The idea of bringing the two competitors under a single corporate roof was floated by Zhu Xiaohu, a well-known Chinese investor and member of Ofo's board. Zhu, managing director of investment company GSR Ventures Management and a major Ofo shareholder, recently said, "It is only when the two companies merge that they can turn profitable."
Zhu's comments should come as no surprise to anyone familiar with his track record. He shows a strong preference for monopolistic companies and had made the suggestion for a grand merger in the bike-sharing business last year. When his company raised its stake in Ofo in September 2016, Zhu said the bike-sharing war would end in three months.
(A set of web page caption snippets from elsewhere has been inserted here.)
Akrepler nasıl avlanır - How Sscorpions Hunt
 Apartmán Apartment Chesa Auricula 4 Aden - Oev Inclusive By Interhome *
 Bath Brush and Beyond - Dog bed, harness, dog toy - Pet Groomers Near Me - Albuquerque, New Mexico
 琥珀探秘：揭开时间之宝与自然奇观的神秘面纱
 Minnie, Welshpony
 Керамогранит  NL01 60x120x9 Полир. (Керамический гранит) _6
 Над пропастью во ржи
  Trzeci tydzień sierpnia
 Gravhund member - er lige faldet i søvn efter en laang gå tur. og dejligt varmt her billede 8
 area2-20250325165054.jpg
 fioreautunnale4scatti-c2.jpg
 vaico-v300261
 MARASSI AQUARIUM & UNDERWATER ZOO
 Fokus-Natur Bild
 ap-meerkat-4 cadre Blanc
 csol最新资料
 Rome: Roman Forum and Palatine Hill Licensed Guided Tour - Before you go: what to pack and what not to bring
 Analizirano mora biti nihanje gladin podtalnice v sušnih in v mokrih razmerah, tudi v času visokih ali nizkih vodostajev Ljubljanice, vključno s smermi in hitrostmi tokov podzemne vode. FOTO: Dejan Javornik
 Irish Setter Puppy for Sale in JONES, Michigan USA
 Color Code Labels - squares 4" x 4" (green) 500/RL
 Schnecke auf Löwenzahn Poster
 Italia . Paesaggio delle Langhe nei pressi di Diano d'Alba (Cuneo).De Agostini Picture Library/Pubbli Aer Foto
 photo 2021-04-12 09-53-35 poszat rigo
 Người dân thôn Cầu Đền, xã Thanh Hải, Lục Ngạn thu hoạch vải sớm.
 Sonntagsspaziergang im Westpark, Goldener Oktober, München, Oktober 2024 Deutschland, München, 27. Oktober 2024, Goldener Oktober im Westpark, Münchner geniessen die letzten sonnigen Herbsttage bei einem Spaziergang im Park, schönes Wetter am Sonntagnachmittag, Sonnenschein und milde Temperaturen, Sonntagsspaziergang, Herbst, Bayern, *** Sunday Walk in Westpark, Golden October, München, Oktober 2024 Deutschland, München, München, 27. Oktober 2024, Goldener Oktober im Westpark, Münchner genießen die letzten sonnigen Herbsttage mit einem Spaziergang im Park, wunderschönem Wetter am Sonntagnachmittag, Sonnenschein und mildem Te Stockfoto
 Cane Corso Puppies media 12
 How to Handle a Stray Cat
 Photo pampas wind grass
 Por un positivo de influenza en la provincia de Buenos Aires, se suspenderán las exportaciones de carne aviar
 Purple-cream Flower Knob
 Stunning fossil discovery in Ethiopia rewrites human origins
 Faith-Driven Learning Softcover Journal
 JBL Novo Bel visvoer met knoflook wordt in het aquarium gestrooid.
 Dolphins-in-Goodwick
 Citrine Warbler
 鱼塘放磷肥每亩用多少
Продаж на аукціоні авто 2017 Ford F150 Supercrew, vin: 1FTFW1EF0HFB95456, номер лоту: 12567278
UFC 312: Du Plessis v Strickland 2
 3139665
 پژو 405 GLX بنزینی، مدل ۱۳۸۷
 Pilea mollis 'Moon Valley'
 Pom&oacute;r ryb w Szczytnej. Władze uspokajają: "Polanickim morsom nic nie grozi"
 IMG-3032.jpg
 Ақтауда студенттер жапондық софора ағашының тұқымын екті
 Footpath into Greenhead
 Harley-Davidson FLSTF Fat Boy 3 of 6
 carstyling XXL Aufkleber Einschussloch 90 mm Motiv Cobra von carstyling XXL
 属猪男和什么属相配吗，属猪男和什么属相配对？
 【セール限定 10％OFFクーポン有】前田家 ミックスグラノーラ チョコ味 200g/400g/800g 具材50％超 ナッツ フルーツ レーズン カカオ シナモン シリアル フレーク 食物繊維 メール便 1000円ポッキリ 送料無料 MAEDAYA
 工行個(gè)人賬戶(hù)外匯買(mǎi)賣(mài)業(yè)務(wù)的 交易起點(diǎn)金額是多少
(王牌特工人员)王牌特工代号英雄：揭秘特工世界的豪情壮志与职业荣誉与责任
Zhu's portfolio includes Didi Chuxing, a big ride-hailing company, and Ele.me, an online food delivery service. After putting his fund's money into promising startups, Zhu often relies on acquisitions to establish their market dominance and generate fat returns.
Didi Chuxing is a case in point. It holds an effective monopoly in ride hailing in China, thanks to the 2015 merger of rival companies backed by two Chinese internet behemoths, Tencent Holdings and Alibaba Group Holding.
At the end of August, Ele.me acquired a food delivery business from Baidu to create a duopoly in the market, where it is battling a Tencent-backed startup.
Given these past gambits, Zhu's comment about a possible merger of Ofo and Mobike has prompted speculation in the Chinese media that the combination is a matter of time.
Mobike's leading shareholders include Tencent, while Alibaba has a major stake in Ofo. The rivalry between the two bike-sharing operators is the latest front in the proxy war between the internet powerhouses.
Mobike and Ofo have been locked in a bitter struggle for supremacy over the past year. Tencent and Alibaba have pumped in cash, allowing the rivals to buy enormous fleets of bicycles, both in China and overseas. That has created a glut of shared bikes in many Chinese cities where the two companies operate, stripping away their profit margins.
Taking a fall?
Zhu appears to be trying to create a favorable environment for a merger using his business clout. But his remarks alarm many Chinese consumers, who remember how the merger that created Didi drove prices up by as much as 50% in some places. A man in his 40s in Guangdong Province voiced concerns about Zhu's remarks, saying a merger would inevitably lead to poorer service.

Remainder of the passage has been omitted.